A veritable jungle of organisms is helping keep each of us alive. But we've been rather negligent hosts. For starters, we don't even know who has shown up for the party.
When I signed myself, my husband, our dog and my mother up for the American Gut Project to have our gut microbes analyzed last year, I had no idea what the results would turn up. And based on current research even Rob Knight, who helps run the project, couldn't predict whether I would share more microbes with my mom or with my husband.
So we waited for results. And waited. And waited. It turns out that being part of new research — no matter how well-planned — is an experience that requires a lot of patience.
Months after dropping off our samples at the post office, I got an email with a colorful, graphic display of my very own gut microbial communities. There were bar graphs, scatter plots and lots of unfamiliar names.
So, after 31 years — and a few extra months of waiting — it was finally time to meet my microbes.
My gut is full of different species of Firmicutes, a whole phylum of bacteria. These can be incredibly diverse and include those in the order Lactobacillales (familiar to many from its member Lactobacillus, one kind of the bacteria that's active in some yogurts). I had many more of these bacteria than the average person, which was surprising. They've been linked to obesity, and I've always been lean.
The second most common were Bacteroidetes species (primarily in the Bacteroides genus), which help us mammals digest food. These guys indicate, according to a 2011 study in Science that Knight co-authored, that my diet is heavier on animal proteins and fats than on carbohydrates.
I didn't expect that because at the time I, um, collected the samples I was eating a mostly plant-based diet. But perhaps the occasional pulled-pork sandwich or milkshake was enough to sway my bacterial profile. Although a different diet could change a person's microbe makeup within 24 hours, even a week on a different diet didn't entirely alter the profiles from long-term dietary patterns, the same study said.
So maybe my relative levels were due to my generally meat-and-potatoes upbringing — or my birth by cesarean section. Research published last year found that infants born by C-section had lower levels of Bacteroides (as I had) than did babies born vaginally.
Even the researchers who have been practically swimming in gut samples couldn't yet tell me exactly what my sample said about me — or about my health.
"We don't have a good handle on the bounds for what a healthy gut looks like in the larger population, or how lifestyle and diet drive the gut," says Daniel McDonald, a graduate student working on the project and studying quantitative biology and computer science.
And what about the other guts in our family? The sample from our pooch, Raz, is still (yes, still) awaiting enough fellow pet entrants to be analyzed.
As for the humans, the beasties living in my gut were not much of a match to those in my mother's — despite quite a bit of research hinting at mothers' microbial influence.
She had about similar abundances of Bacteroides and Firmicutes, as well as 13 rare species that didn't even register on my chart.
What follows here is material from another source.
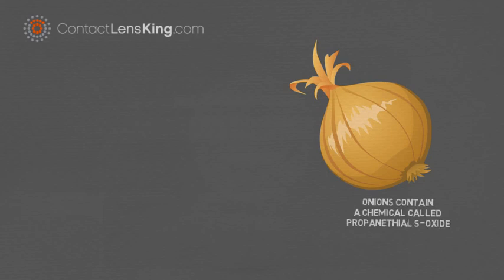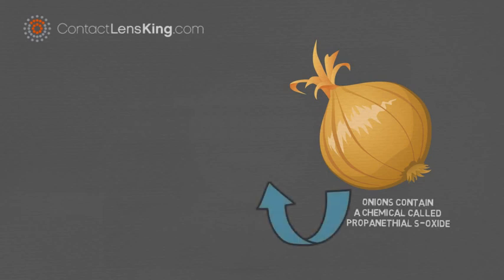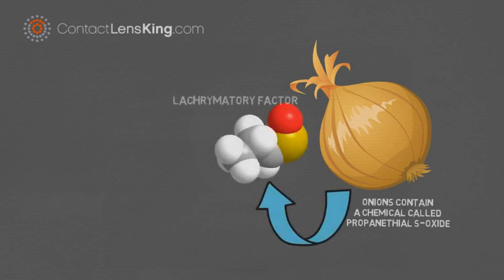As it turns out, onions contain a chemical called propanethyl S-oxide, also known as the lacrimatory factor.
Even though my diet mirrored hers for the majority of my life, in recent years it has shifted to a more vegetarian mix, away from meat and dairy.
Maybe 20 years ago, there would have been a more obvious overlap between Mom's microbiome and mine. And perhaps having been born via C-section sent my microbiome on its own trajectory.
Still, when compared with the rest of the study population, we clustered closer together than an average stranger, most of whom had a majority of Firmicutes.
My gut microbes were much more similar to my husband's. He and I both had higher Bacteroides and lower Firmicutes and four times the average of some genus called Lachnospira.
As McDonald notes, "cohabitating is the likely driver of similarity." But, he cautions, "there is a large amount of day-to-day variation within an individual." And that means "multiple samples are necessary to begin to assess if there is a significant similarity." That's probably not what my husband wanted to hear.
Once there are more samples gathered consecutively from the same people, Knight says, he and his team might be able to make predictions about how specific changes in the gut, say an overabundance of Bacteroidetes or the presence of a little known species, might affect health.
But, as in the early days of the human genome, we are still very much in the process of mapping this uncharted intestinal territory. Researchers are just starting to gather enough points of microbial and human data to decide what a sea of Firmicutes, for example, might mean for health and whether or not people with particular disorders have similar microbial maps.
Some of these designations, such as Firmicutes, are as broad as an entire phylum, which can contain organisms as far apart on the tree of life as humans and conger eels. So to truly start to get an estimate on the closeness of two people's microbes, researchers must calculate the evolutionary distance between different samples, adding yet another time-consuming step.
And we also still don't have the concrete knowledge to translate microbiome analyses into advice for people to get healthier. "That's why we started the study — to be able to make these recommendations," Knight tells me. For now, however, they're just trying to find a few meaningful patterns in the vast microbial ocean of thousands of fecal samples.
The gut is just part of the picture. Microbes live all over our skin, in our nose and mouth, on our pets, in the soil and even in the air.
And until we know more about these mysterious microbes, perhaps we should sit back and marvel at the jungles of life that we really are. And do our best to keep our beneficial beasties happy.
This is the final story in a four-part series.